Exercise goal —
Please write out, exactly as they appear, the line containing "Property photo of" and every line after it to the end of the records, and nothing more.

Collection entries —
»»

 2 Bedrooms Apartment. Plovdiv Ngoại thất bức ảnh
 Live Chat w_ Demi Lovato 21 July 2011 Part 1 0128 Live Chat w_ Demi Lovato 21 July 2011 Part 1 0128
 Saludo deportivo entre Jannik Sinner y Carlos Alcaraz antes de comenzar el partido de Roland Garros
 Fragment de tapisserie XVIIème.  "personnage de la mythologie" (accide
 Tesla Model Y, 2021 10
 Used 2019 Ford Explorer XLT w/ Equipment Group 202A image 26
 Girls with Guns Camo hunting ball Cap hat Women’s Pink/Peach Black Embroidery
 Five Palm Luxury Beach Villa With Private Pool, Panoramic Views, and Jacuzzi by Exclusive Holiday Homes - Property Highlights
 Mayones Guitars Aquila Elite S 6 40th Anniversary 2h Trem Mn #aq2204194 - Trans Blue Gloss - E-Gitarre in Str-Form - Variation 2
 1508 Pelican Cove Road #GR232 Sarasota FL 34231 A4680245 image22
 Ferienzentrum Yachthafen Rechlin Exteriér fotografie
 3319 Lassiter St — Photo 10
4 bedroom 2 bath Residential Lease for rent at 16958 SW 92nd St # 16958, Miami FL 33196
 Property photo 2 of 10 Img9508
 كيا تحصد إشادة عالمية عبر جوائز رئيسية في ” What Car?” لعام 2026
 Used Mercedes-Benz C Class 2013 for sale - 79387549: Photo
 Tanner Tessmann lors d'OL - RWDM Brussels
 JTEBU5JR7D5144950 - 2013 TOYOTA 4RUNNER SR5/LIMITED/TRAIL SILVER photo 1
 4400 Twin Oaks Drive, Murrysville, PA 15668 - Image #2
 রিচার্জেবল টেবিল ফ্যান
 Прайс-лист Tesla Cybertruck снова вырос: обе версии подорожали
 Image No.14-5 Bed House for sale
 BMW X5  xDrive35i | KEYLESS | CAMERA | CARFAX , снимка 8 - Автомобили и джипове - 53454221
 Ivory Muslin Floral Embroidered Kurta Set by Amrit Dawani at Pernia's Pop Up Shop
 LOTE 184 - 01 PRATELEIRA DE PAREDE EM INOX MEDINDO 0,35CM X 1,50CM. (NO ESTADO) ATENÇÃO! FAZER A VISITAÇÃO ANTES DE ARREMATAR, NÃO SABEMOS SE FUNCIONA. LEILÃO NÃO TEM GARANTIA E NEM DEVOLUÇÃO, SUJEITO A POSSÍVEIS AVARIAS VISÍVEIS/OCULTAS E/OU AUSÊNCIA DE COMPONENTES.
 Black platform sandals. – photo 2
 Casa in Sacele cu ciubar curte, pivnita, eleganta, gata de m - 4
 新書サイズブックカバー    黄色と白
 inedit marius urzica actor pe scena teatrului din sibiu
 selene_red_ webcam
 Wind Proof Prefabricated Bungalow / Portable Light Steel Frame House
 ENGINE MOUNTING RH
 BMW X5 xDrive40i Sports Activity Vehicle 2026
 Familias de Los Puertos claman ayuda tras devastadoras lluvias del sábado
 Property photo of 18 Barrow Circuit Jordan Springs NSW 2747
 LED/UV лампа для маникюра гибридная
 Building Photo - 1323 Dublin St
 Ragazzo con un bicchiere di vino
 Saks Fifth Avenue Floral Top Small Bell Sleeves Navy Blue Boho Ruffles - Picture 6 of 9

««

Answer section —
 Property photo of 18 Barrow Circuit Jordan Springs NSW 2747
 LED/UV лампа для маникюра гибридная
 Building Photo - 1323 Dublin St
 Ragazzo con un bicchiere di vino
 Saks Fifth Avenue Floral Top Small Bell Sleeves Navy Blue Boho Ruffles - Picture 6 of 9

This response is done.